Shaking my head strongly, Michael saw my reaction and moved about to hit me again but I ducked and he missed, pissed off he raised his hand again but was stopped by my now unwavering still body. I was fed up of being treated like nothing. He was kind of scared but he got the advantage every time my mother was around, he would continue his assault and extend it to my mother. He was about to grab my neck and I couldn’t stop him, or maybe I was going to stop him. I mean I didn’t want to disrespect my mother but I sure as hell wasn’t about to be a punching bag that night. My mother saw this as time to break the fight knowing very well where it was leading to, she called Michael for dinner.

'Saved by dinner!' last time we went for it the whole house was messed up, when my mother came that day after me beating Michael, she found the whole place trashed. I guess she did not want it to repeat itself.

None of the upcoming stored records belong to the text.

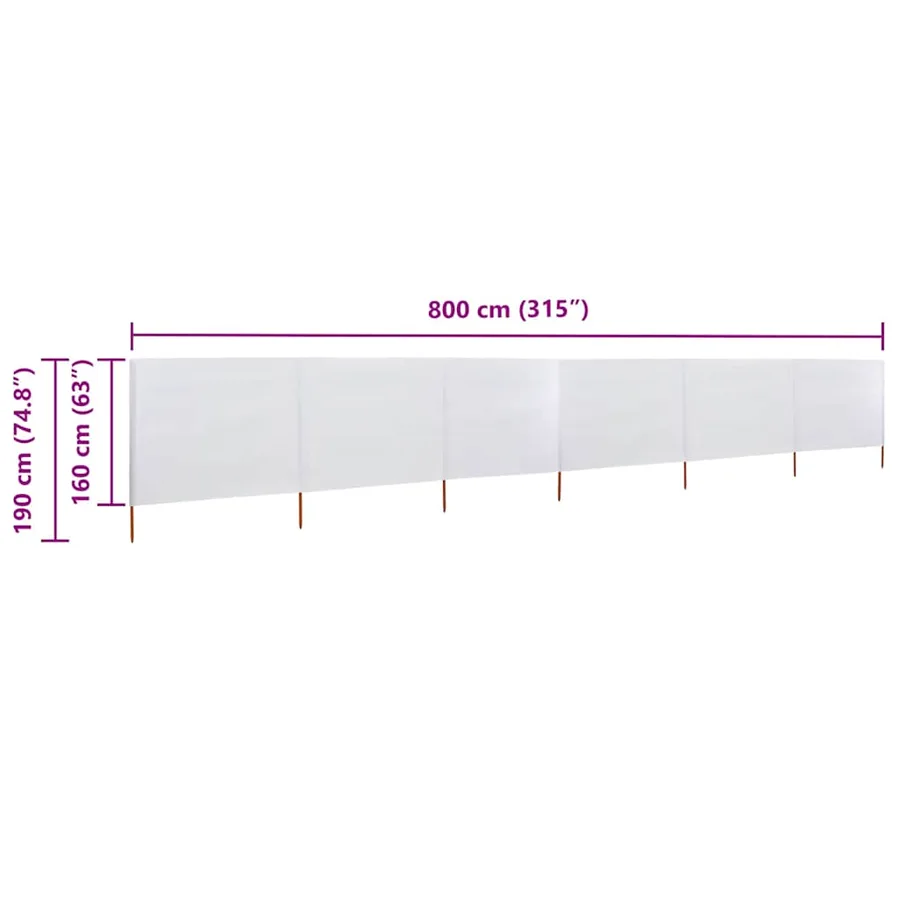 Paravent 6 panneaux Tissu 800 x 160 cm Blanc sable - 6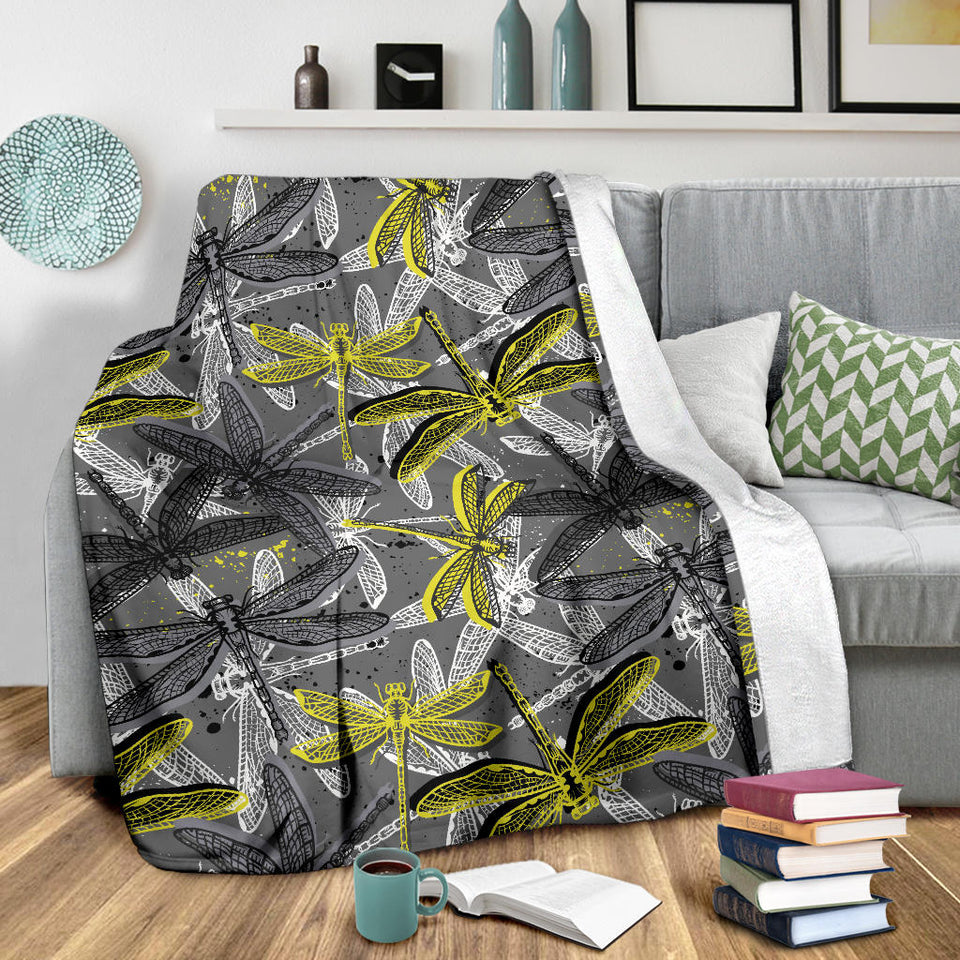 Hand Drawn Dragonfly Pattern Premium Blanket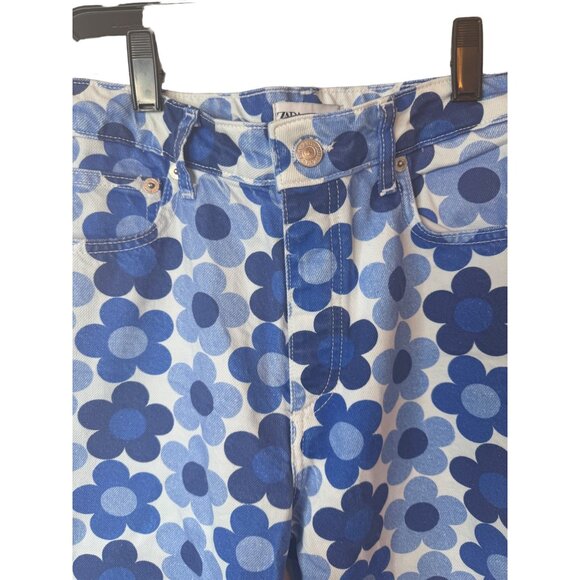 ZARA Size 6 Blue Floral Print Cotton Jeans - Picture 13 of 14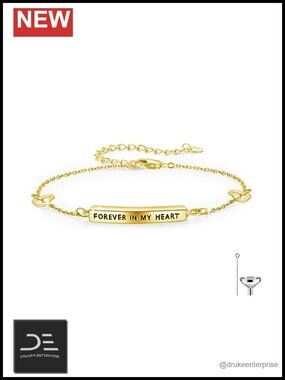 925 Sterling Silver Memorial Urn Bracelet For Ashes Cremation Jewelry Sympathy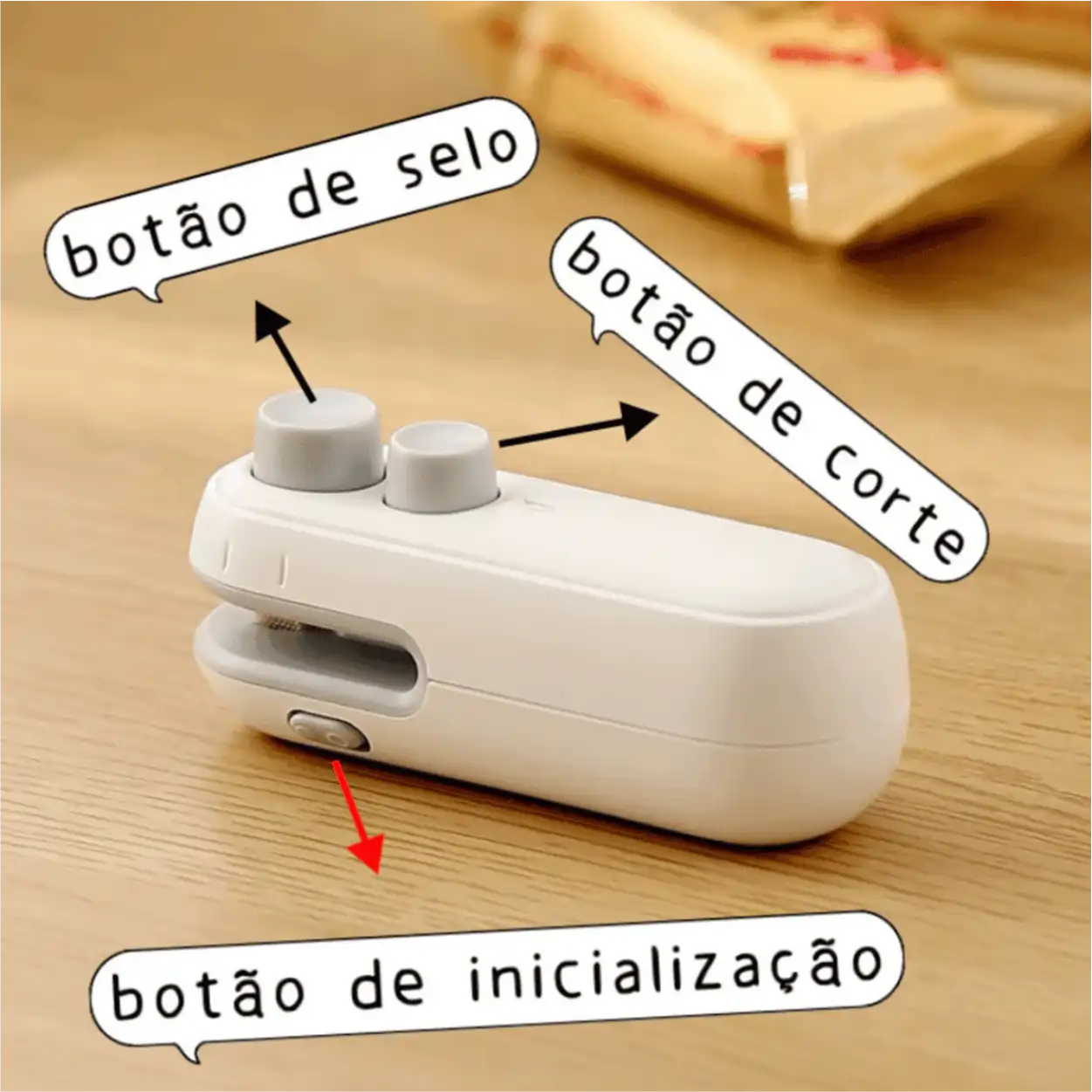 LACRE PRO™  Seladora e Cortadora de Embalagens USB 2 em 1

‘Oh and dinner was meant for Michael only now! Talk about hypocritical acts!’

I was ready to pounce no matter what my mother said though. Yes I did not want to disrespect her but I was done playing their sick game. That day I was tired from training, coach had been hard on us, so I was definitely not in the mood for his escapades. I mean the moment Michael stepped into our lives he had been nothing but troublesome.

'A man-child that needed a little bit of discipline' I thought as I looked at him up and down, hating everything he stood for.

I remember how it all started. A year after my father left, Michael moved in with us. Although it took five years of Michaels devil schemes, I had decided to join karate and visit doctors for appointments for therapy, that's another story for another day though!

It was worth it. For a twelve-year-old child during that time I was proud of the person I had become. I survived, that all that mattered to me.

‘A whole five years in purgatory of Michael’ I thought fixing myself ready to leave them be.

It was something I did not want to go through ever again. Of course he would come from time to time back then when I was still in training but it was better, I could fight him off and sometimes I was able to stop him, with the help of my mother being around of course. I would shriek and fight him off but when she wasn't we would fight to a point he would beat me so bad to get way with his monstrosity.

'I will get better, I will grow' I therupitized myself from time to time when I remembered what I was going through.

I sat down in my bedroom carpet trying to control my anger as my mind went further down memory lane, I did not want to remember but once my mind had a glimpse it was hard to stop.